# [Brief]
Restate word for word the lines in the listing below, starting at the line containing "Chuyển Sinh Vào Thế Giới Võ Lâm - Page 8" and ending at the line containing "Продам дом, 93", both included; leave out the rest.

· · · ·

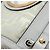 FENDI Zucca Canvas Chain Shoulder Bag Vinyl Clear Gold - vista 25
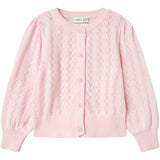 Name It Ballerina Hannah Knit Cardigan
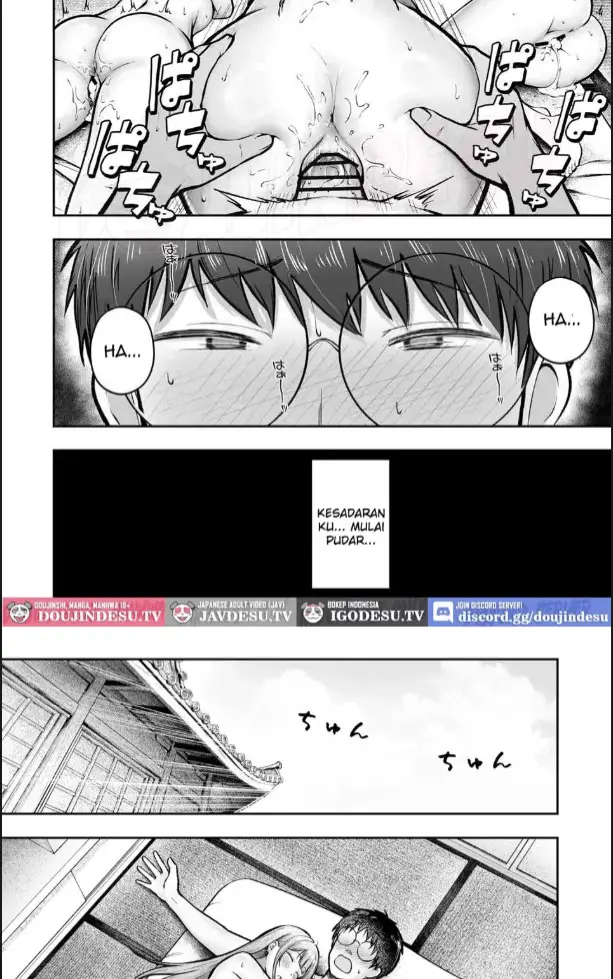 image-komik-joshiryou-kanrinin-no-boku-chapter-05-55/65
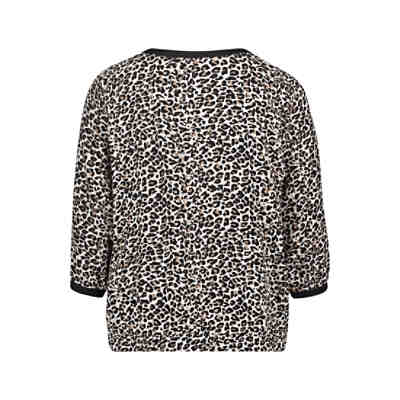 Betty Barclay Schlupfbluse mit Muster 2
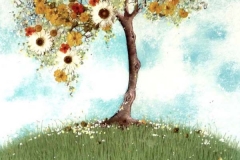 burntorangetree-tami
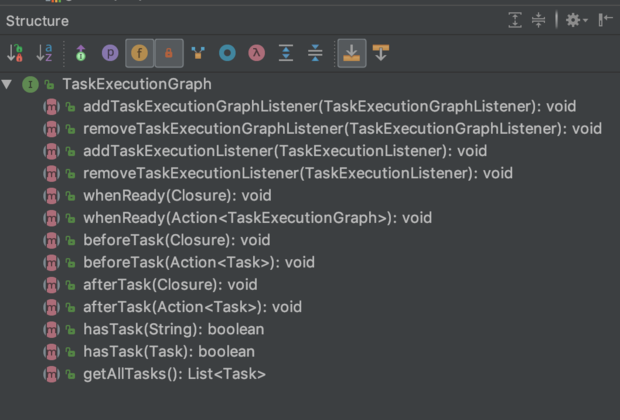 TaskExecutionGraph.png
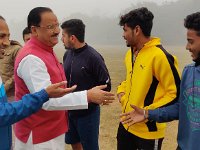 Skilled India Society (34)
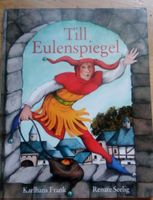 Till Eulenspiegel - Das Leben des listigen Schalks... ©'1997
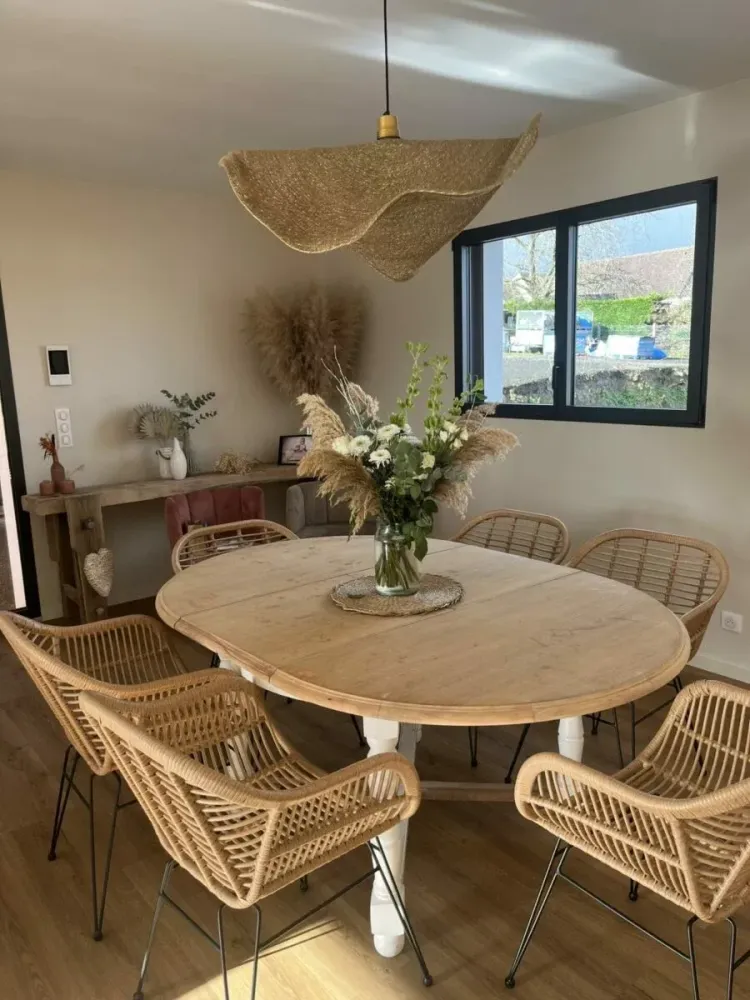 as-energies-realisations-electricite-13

· · · ·

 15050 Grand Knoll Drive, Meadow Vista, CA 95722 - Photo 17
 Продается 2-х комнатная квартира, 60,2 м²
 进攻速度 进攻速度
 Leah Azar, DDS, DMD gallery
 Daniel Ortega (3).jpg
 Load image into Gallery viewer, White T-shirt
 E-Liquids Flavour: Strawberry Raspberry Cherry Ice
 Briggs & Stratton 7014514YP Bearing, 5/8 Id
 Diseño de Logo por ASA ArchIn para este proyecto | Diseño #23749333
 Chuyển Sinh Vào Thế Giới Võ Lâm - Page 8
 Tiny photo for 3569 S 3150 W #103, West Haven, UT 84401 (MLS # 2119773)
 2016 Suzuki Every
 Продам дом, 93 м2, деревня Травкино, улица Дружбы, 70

· · · ·

# [Finished task]
 Chuyển Sinh Vào Thế Giới Võ Lâm - Page 8
 Tiny photo for 3569 S 3150 W #103, West Haven, UT 84401 (MLS # 2119773)
 2016 Suzuki Every
 Продам дом, 93 м2, деревня Травкино, улица Дружбы, 70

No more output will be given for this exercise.